Think of analytical procedures as the auditor's version of a sanity check — before diving into detailed vouching, you step back and ask: does this data even make sense? That's the heart of SA 520.
SA 520 requires analytical procedures at two mandatory stages and permits them at a third. First, during risk assessment (planning stage) — here, you use them to understand the client's business and spot areas that need more attention. Second, at the overall review stage (near completion) — you check that the final financial statements are consistent with your understanding of the entity. These two are compulsory. Third, analytical procedures can optionally be used as substantive procedures (instead of, or alongside, detailed tests of transactions) — but only when they're more efficient and effective.
The standard identifies several types of analytical procedures: ratio analysis (gross profit ratio, current ratio), trend analysis (comparing this year's figures to last year's), reasonableness tests (estimating expected interest expense based on average loan balance × rate), and regression analysis (more advanced, rarely tested at Inter level). The key concept is expectation — you form an expectation of what a figure should be, compare it to what it is, and investigate any significant differences beyond a pre-set threshold of acceptable difference.

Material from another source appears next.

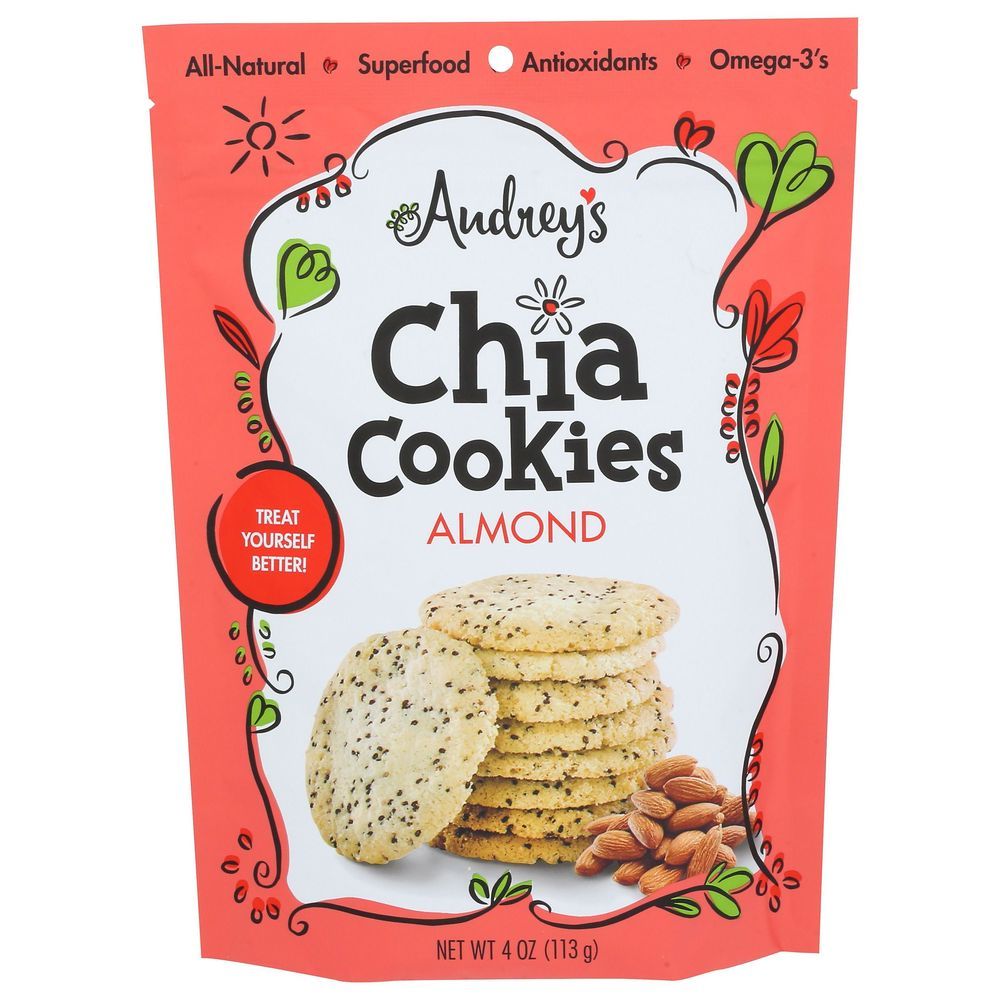 Audreys Almond Chia Cookie, 4 Ounce -- 6 Per Case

When using analytical procedures as substantive procedures, SA 520 says four things must be considered: (1) the suitability of the procedure for the assertion being tested, (2) the reliability of the data used, (3) whether the expectation is precise enough to detect a material misstatement, and (4) the acceptable amount of difference without investigation. If you find an unusual fluctuation and management's explanation is plausible, you still need corroborating audit evidence — you can't just accept what the client says. This is a favourite 4-mark exam question — 'What should an auditor do when analytical procedures reveal significant unexpected fluctuations?' Answer: obtain explanations, corroborate them with evidence, and if not satisfactorily explained, consider revision of risk assessment.